A Saudi writer has criticized what he said has been Saudi Arabia's policy of allowing Salafist thinkers from the Muslim Brotherhood to come to the Gulf state, which he believes has led to the radicalization of young Saudis, some of whom have joined the Islamic State (IS) group.
In an op-ed in the "Al-Madina" newspaper, which has been widely circulated among other Arabic sites, Saudi writer Qaisar Hamid Metawea said that Saudi Arabia had even hosted many of "the disciples of Sayyid Qutb," the Egyptian Islamist Muslim Brotherhood thinker who was executed in 1966 for being part of a conspiracy to assassinate the then Egyptian President Gamal Abdel Nasser. Qutb's brother Mohammad once taught at a Saudi university, Metawea claimed.
Metawea tries to make the case that Saudi Arabia's extremist problem comes from external elements (and by extension, therefore, cannot be a problem of local culture). He argues that, while there have been some "extremist Saudi teachers," the bulk of the proponents of radical Salafist Islamist ideology were non-Saudis who came to live and work in the kingdom.
These foreign Islamist thinkers had helped draft the Gulf state's education syllabuses, Metawea argued.
According to Metawea, where Saudi Arabia has erred is in its policy to continue to recruit such foreign extremists, who are responsible for radicalizing young Saudis, and pushing them to join IS.
"We open our doors for them to come and propagate their devious thinking and fill the minds of our young people with their extremist ideology," he writes.
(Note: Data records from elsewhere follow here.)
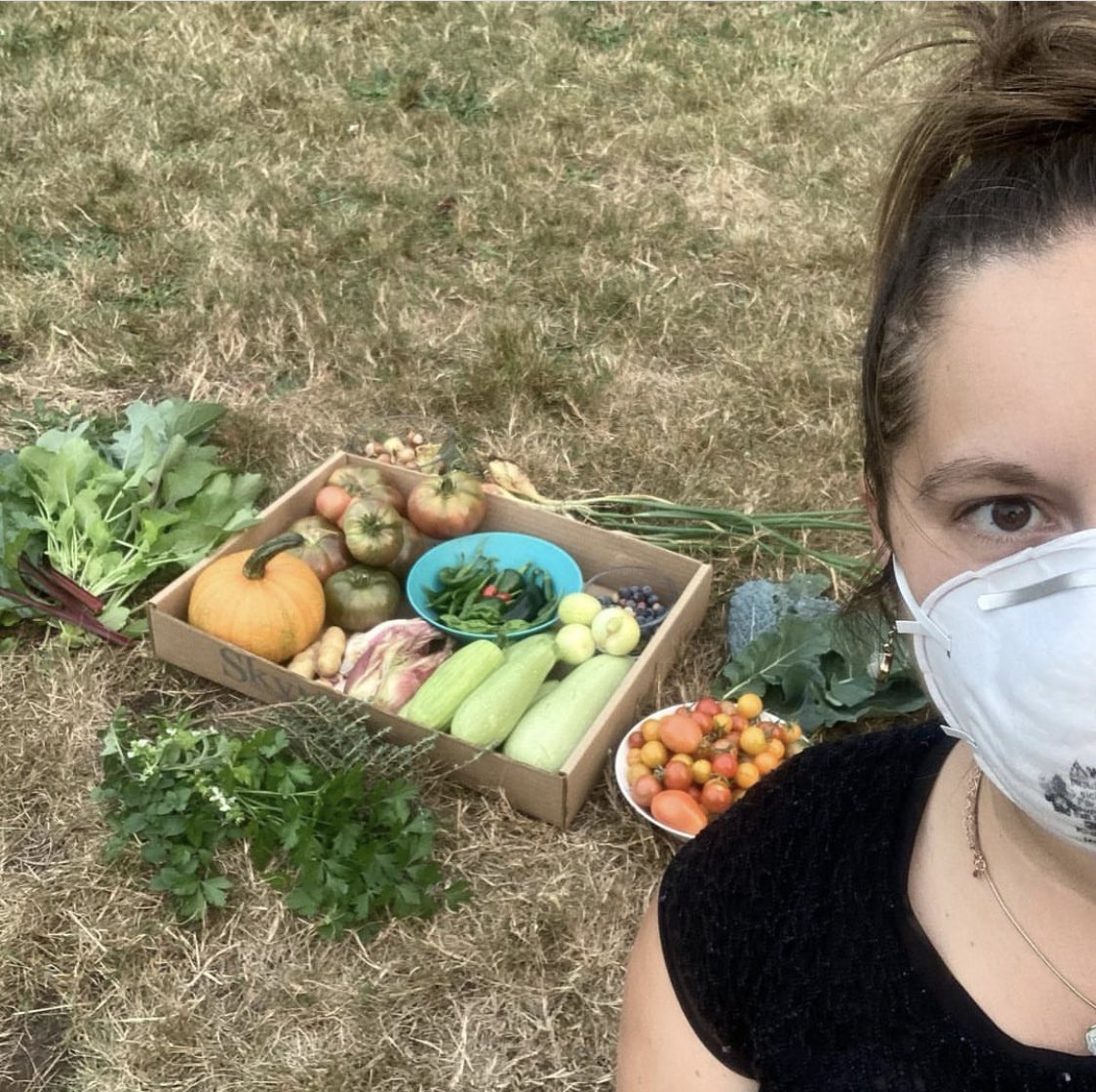 Throwback to masked garden harvests thanks to wildfire smoke 😷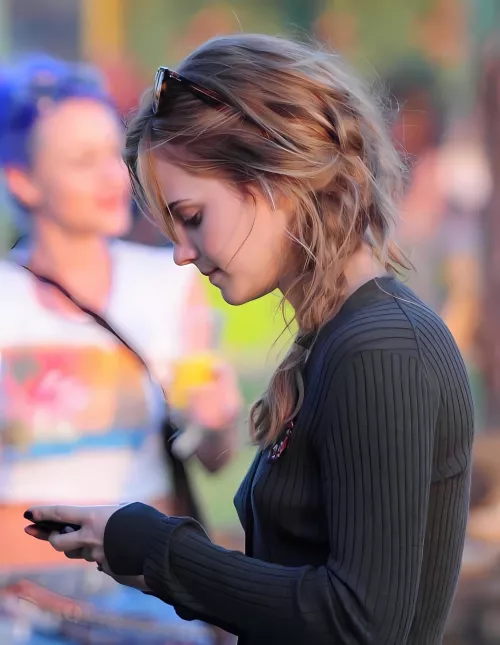 Can’t stop jerking to Emma Watson Can’t stop jerking to Emma Watson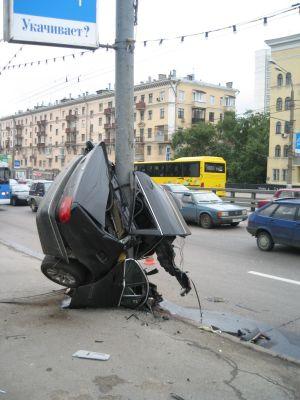 Москва: БМВ от удара разорвало на части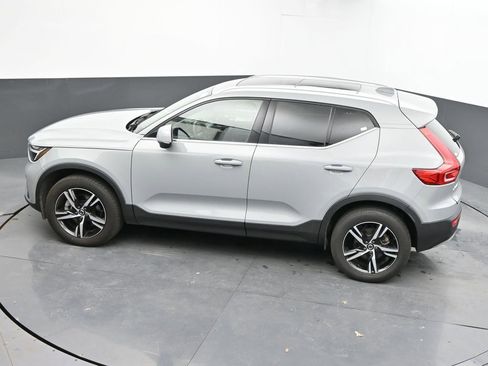 Used 2025 Volvo XC40 B5 Core image 30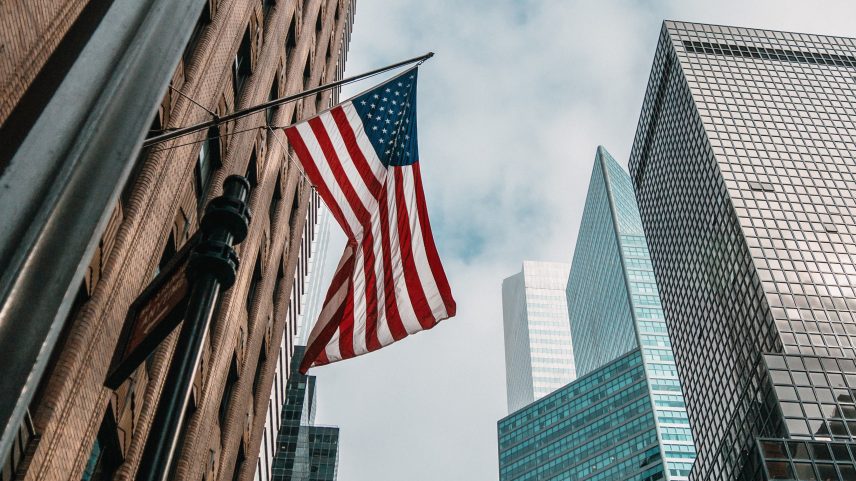 O índice Dow Jones subiu 0,49%, o Nasdaq avançou 0,94% e o S&P 500 subiu 0,61% (Foto: wirestock/Freepik)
Metawea uses the example of a recent scandal involving a young Syrian academic, Dr. Eman Mustafa al-Bogha, who last month left her job teaching jurisprudence and Islamic economics at the University of Dammam to join IS. Bogha had reportedly been known for publishing pro-IS extremist comments on Facebook and Twitter, and used the latter to announce her loyalty to IS leader Abu Bakr al-Baghdadi.
"We shouldn't be surprised if we find out that some of her female students listened to her, and even if they don't join her in jihad, they will surely sympathize with her and that is tragic," writes Metawea.
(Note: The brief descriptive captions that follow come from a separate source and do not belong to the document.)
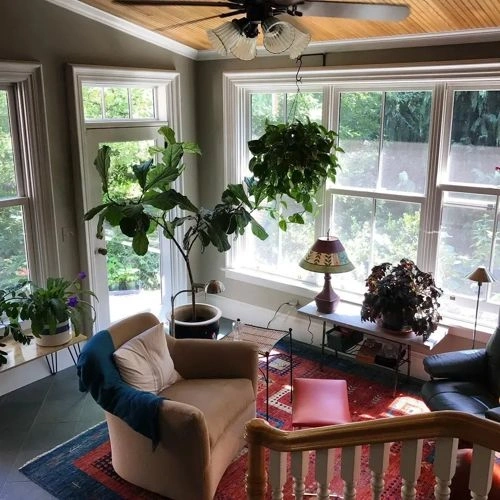 Photo of color Benjamin Moore 1530 Senora Gray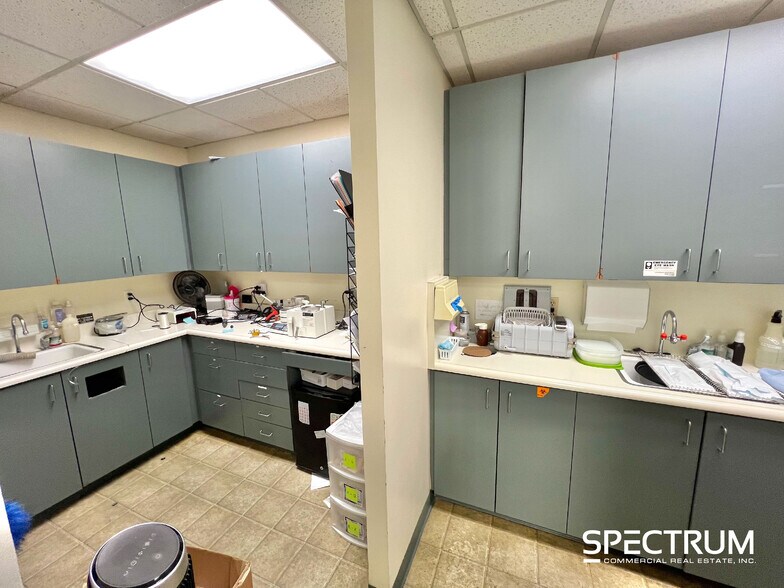 More Photos Of 23206 Lyons Ave, Santa Clarita Medical For Sale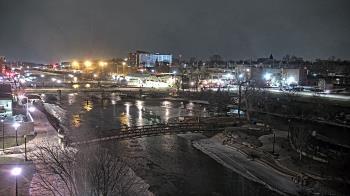 Weather camera view of City of Elgin.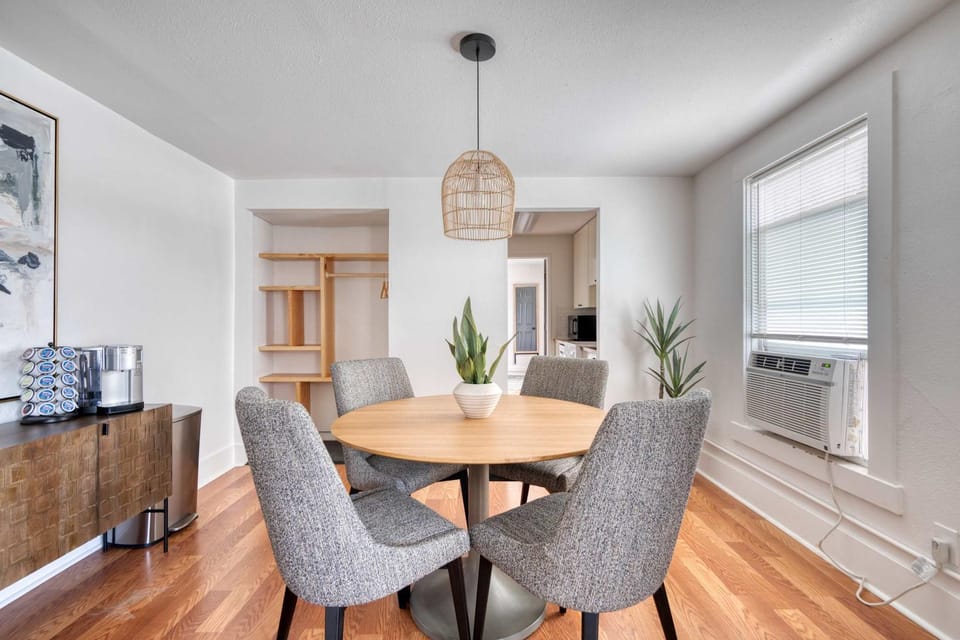 Stay Portland - La Casa Burnside - Local Eateries, Shops, and Bars Apartment in Portland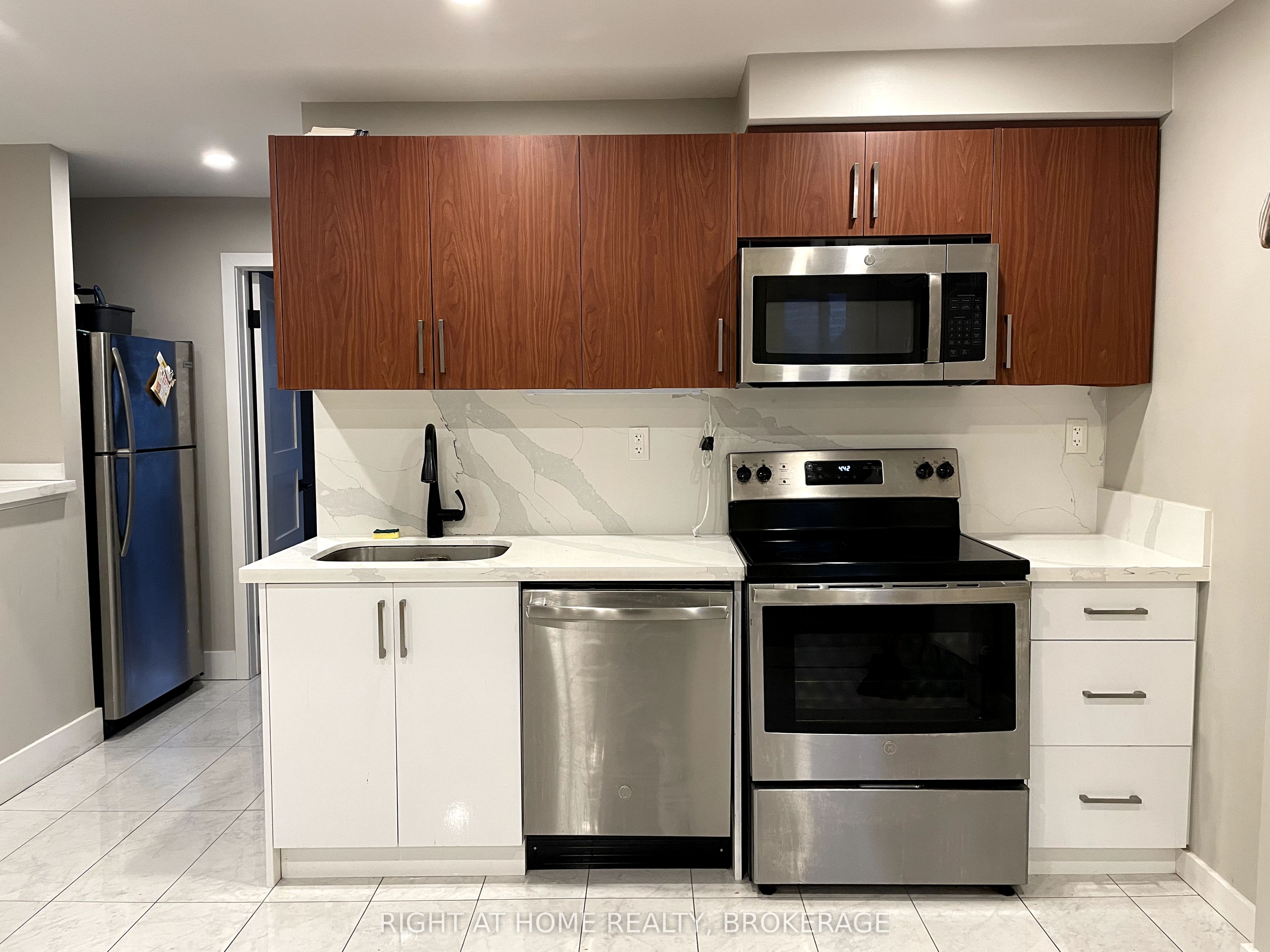 #2 - 37 Somerset Avenue Property Photo 1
Metawea's solution is simple: he argues that Saudi Arabia need not amend the content of its educational syllabuses, but it should "be careful in its choice of teachers, especially those recruited from foreign countries."
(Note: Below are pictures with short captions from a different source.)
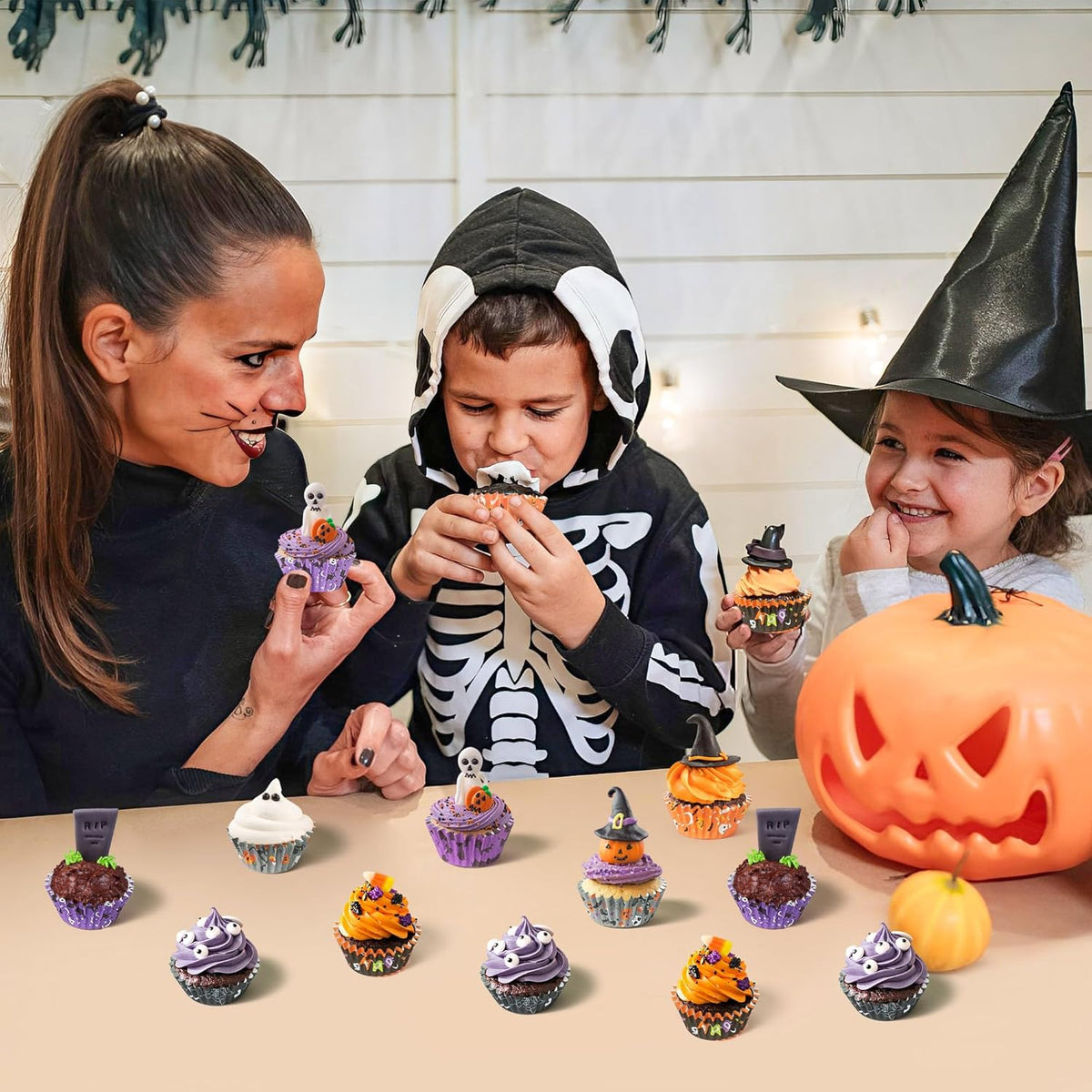 COcnny Halloween Mini Cupcake Liners - 600pcs Halloween Candy Baking Cups Muffin Cupcakes Wrappers
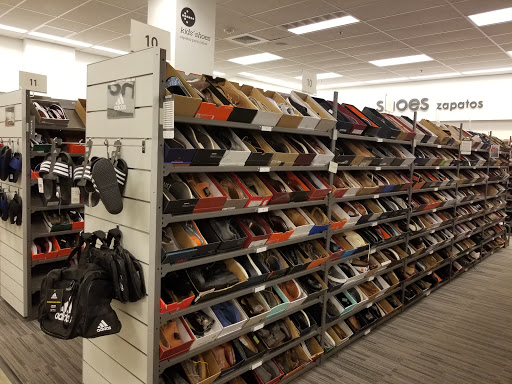 Department Store «Nordstrom Rack The Shops at Midtown Miami», reviews and photos, 3201 N Miami Ave, Miami, FL 33127, USA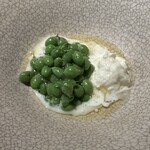 レスピラシオン - スナップエンドウを鞘から取り出して。鞘はお出汁や賄いになるそうです。山羊のミルクのサワークリームと合わせて。お豆の甘いこと！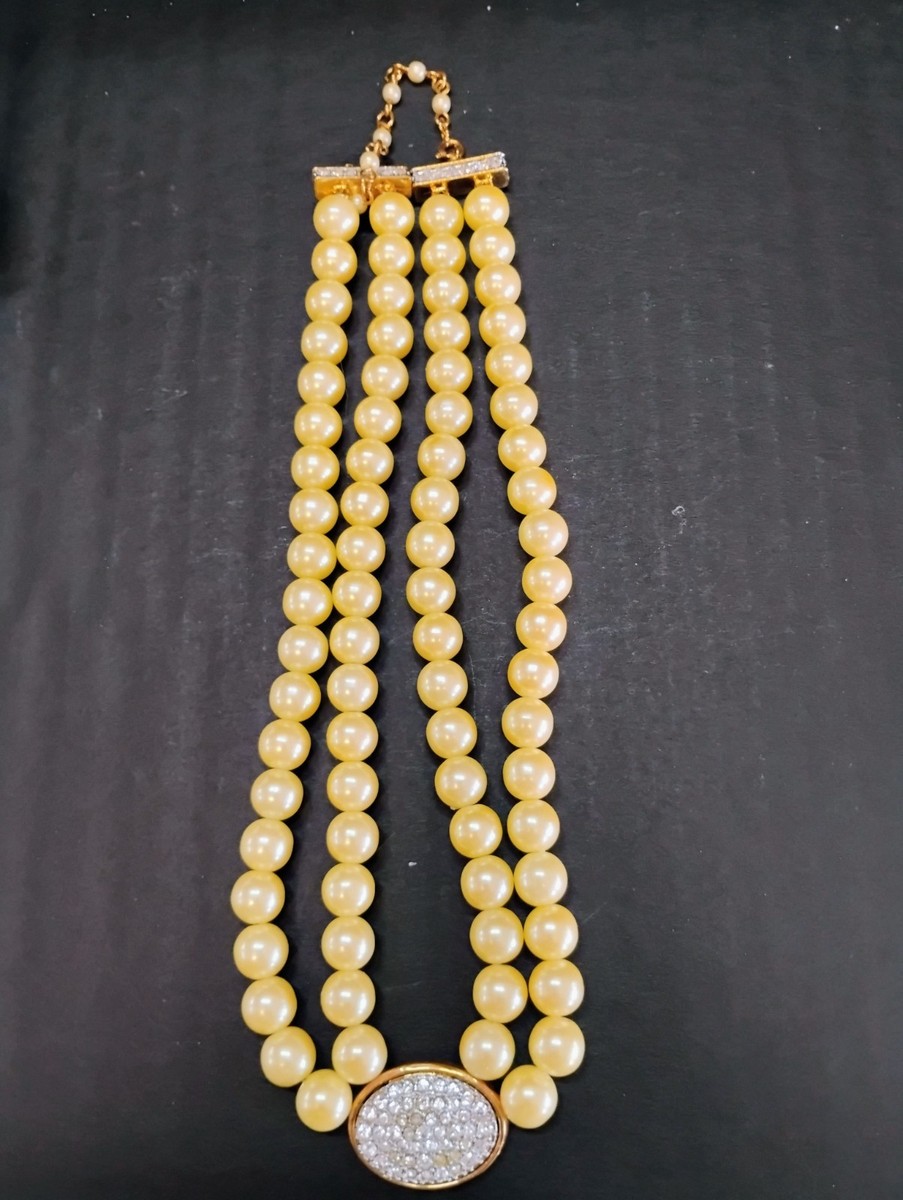 Avon President's 2005 Recognition Pearlesque Necklace and Earring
The Saudi writer does acknowledge that some of Saudi Arabia's problems with extremist Islam are homegrown, however.
"There is no lack of IS terrorists in our country so we don't need to bring them from abroad," he concludes.
Metawea's blaming of foreigners for the growth of pro-Islamic State ideology on its soil reflects sensitivity to critics of the Gulf state, who have said that the extremist ideology of IS has stemmed from Saudi Arabia's ultraconservative brand of Wahhabi Islam.
His references to the Egyptian-founded Muslim Brotherhood (banned in Saudi Arabia) and Egyptian thinker Sayyid Qutb are part of a trend within the Gulf state to argue that the Muslim Brotherhood is at the roots of IS ideology and not Wahhabism.
As the "Financial Times" (FT) reported in September, other Saudi columnists have offered similar views. The FT quotes Abdullah bin Bijad al-Otaibi of the pan-Arab daily "Asharq Al-Awsat," who argued that the Muslim Brotherhood and Sayyid Qutub's writings inspired IS as well as violent groups in Egypt that predated Al-Qaeda.
Some Western scholars have disagreed with this argument, however.
Bernard Haykel, a professor of Near Eastern Studies at Princeton University, told "The New York Times" that IS's ideology is "a kind of untamed Wahhabism....Wahhabism is the closest religious cognate."